╭─ MATERIAL PROVIDED
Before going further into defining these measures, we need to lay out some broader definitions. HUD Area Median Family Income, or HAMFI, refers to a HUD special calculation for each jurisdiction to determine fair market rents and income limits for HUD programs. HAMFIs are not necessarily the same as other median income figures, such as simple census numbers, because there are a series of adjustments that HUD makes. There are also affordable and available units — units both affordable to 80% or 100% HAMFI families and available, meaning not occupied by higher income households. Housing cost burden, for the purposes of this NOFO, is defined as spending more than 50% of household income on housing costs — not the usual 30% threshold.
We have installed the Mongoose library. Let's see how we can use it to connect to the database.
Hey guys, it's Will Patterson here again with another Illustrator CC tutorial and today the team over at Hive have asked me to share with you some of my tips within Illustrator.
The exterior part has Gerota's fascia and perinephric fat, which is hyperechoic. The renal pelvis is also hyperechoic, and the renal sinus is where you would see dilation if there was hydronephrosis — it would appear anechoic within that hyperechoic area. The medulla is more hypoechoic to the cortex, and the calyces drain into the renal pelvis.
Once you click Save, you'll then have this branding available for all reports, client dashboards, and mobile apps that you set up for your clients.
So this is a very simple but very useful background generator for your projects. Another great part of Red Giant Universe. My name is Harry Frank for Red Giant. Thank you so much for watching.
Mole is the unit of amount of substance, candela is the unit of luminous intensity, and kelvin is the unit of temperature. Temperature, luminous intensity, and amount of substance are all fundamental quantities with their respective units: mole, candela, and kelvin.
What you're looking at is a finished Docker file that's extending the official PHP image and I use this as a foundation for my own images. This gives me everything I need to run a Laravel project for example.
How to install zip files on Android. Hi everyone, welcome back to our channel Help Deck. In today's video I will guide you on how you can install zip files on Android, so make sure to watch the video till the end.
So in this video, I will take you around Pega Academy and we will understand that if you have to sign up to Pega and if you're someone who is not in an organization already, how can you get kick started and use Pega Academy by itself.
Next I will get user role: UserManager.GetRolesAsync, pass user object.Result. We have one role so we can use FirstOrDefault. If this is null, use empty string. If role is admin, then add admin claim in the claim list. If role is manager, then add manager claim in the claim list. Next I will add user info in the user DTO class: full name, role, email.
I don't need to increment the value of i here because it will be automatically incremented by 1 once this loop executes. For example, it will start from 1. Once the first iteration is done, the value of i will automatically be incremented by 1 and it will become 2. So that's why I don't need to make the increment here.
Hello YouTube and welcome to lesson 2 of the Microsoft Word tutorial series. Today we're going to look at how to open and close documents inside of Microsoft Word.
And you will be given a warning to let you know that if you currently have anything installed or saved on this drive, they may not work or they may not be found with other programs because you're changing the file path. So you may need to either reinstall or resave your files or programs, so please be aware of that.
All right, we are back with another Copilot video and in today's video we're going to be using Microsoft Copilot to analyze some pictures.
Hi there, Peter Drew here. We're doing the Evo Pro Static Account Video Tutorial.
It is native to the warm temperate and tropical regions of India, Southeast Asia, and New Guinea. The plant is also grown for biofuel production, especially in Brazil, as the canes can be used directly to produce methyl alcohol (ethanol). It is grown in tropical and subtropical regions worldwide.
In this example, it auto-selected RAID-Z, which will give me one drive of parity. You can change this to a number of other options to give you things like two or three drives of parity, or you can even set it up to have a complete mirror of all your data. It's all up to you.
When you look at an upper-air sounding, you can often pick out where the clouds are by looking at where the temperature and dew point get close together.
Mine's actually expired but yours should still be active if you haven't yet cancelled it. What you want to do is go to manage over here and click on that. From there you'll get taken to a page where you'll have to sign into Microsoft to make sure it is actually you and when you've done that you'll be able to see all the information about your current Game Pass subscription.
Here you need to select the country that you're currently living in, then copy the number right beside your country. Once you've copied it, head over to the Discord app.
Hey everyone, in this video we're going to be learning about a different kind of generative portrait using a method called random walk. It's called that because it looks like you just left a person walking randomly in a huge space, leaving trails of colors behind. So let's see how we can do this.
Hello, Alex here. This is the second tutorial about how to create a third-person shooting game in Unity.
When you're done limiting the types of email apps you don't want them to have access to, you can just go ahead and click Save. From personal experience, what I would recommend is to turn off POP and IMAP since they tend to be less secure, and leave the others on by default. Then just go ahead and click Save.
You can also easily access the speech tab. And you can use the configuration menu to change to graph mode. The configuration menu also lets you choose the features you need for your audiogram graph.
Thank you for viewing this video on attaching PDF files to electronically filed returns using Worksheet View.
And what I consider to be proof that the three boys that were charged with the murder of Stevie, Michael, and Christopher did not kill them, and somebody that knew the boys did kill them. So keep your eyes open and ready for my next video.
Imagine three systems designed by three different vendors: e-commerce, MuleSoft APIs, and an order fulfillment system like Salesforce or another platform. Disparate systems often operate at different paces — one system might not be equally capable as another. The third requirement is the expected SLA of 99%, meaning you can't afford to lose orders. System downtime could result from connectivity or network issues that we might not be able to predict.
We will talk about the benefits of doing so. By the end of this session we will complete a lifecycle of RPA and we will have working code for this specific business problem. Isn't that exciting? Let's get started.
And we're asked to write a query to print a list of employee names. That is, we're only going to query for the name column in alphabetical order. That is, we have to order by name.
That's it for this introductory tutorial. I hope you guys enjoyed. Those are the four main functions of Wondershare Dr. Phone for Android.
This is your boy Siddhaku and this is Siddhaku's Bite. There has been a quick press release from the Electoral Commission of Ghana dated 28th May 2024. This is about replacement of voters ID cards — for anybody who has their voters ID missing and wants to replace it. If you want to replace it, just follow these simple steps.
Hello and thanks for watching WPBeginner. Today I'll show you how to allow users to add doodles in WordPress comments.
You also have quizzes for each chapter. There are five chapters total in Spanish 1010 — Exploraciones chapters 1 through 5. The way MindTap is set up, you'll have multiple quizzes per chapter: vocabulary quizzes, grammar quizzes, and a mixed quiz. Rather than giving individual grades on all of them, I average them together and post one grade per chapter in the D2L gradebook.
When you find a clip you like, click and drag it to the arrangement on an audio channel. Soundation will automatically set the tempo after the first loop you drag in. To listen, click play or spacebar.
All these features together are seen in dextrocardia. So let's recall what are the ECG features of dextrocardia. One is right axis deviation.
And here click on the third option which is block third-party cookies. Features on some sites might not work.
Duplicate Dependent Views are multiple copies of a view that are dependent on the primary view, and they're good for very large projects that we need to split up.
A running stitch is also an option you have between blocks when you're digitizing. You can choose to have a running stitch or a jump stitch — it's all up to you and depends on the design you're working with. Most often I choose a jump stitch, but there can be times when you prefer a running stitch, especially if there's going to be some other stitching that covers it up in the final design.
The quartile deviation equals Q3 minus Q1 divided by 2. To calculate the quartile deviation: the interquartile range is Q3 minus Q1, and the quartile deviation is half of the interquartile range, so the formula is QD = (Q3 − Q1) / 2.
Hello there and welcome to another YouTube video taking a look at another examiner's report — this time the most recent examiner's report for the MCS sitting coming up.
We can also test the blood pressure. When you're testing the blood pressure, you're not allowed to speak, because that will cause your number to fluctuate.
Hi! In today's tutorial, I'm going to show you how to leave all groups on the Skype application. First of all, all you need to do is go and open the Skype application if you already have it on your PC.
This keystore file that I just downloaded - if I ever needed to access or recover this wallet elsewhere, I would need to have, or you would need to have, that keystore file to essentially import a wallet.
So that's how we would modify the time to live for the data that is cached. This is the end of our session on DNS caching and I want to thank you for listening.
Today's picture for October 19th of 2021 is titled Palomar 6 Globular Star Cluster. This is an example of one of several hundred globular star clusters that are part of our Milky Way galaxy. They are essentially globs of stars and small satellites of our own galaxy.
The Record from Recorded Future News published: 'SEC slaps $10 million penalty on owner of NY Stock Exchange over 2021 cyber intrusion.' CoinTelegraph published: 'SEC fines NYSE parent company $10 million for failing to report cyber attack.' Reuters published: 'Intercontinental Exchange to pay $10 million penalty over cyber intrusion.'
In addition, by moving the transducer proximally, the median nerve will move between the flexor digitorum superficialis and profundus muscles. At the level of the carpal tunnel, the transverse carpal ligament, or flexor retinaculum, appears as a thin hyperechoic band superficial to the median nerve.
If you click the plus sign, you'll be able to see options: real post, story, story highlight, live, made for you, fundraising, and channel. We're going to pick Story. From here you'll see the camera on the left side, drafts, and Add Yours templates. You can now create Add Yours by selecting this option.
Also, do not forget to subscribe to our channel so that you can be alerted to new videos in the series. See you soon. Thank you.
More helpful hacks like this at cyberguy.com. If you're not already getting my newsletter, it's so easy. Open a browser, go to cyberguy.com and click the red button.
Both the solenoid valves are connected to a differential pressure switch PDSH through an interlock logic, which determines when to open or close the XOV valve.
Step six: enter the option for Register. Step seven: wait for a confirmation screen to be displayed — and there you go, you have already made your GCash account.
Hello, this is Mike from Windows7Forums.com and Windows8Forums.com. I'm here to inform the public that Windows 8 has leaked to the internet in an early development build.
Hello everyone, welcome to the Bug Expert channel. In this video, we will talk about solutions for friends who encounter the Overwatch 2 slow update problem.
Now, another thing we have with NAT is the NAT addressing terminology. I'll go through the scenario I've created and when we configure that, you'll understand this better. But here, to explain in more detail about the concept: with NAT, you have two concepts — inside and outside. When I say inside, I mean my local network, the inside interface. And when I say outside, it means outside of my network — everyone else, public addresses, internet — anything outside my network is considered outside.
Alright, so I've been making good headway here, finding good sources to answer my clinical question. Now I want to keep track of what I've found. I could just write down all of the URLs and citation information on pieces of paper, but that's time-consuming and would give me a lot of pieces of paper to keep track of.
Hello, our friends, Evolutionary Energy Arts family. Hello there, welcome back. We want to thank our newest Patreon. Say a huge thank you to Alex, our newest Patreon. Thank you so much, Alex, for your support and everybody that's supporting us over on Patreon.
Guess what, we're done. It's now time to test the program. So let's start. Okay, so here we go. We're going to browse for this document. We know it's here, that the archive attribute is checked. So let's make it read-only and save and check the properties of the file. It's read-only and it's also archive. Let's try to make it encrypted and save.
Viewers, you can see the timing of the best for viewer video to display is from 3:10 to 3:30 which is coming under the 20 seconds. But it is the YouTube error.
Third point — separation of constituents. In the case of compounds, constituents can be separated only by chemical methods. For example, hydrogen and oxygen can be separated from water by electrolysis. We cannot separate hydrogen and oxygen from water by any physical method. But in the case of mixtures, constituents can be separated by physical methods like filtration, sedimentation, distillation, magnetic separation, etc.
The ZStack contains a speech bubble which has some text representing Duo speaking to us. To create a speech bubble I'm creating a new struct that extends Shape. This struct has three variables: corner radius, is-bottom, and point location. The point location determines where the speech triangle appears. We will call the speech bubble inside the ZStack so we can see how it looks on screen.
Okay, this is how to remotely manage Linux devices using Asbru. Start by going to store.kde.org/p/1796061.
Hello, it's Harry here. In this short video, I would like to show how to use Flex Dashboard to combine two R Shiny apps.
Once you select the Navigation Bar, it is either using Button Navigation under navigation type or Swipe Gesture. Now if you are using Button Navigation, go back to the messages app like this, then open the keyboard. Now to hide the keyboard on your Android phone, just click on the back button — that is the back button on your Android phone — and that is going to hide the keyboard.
╰─
Give the number of lines above containing the word "left", with no other text.

2